Task goal:
Given the records underneath, please repeat exactly the lines from the line with "Per uomo Pantaloni" through the line with "Dirbtinė kalėdinė eglutė", passing over any picture.

Supplied material:
---*---

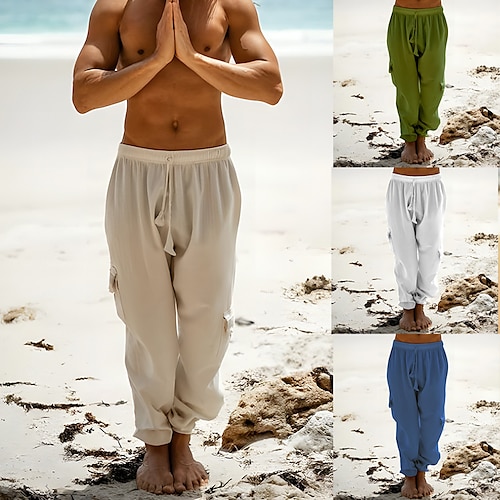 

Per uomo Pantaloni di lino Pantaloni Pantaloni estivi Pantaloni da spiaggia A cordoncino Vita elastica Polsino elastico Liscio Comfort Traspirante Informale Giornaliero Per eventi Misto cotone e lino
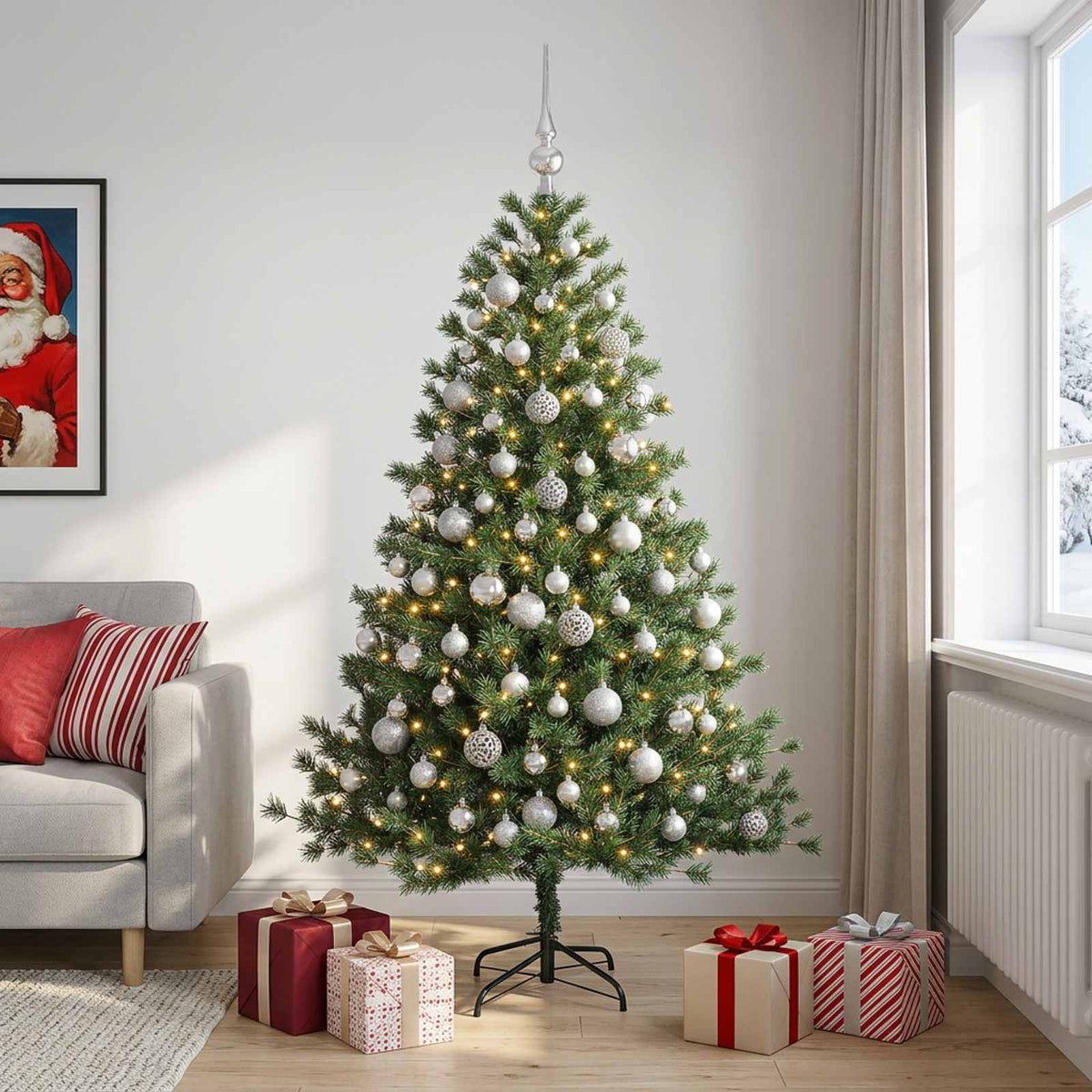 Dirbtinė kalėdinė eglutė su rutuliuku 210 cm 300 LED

---*---

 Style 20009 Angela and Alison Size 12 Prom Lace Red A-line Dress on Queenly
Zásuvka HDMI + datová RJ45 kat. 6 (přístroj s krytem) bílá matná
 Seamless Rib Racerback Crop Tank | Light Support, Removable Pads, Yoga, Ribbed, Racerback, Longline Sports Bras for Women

---*---

Written answer:
Per uomo Pantaloni di lino Pantaloni Pantaloni estivi Pantaloni da spiaggia A cordoncino Vita elastica Polsino elastico Liscio Comfort Traspirante Informale Giornaliero Per eventi Misto cotone e lino
 Dirbtinė kalėdinė eglutė su rutuliuku 210 cm 300 LED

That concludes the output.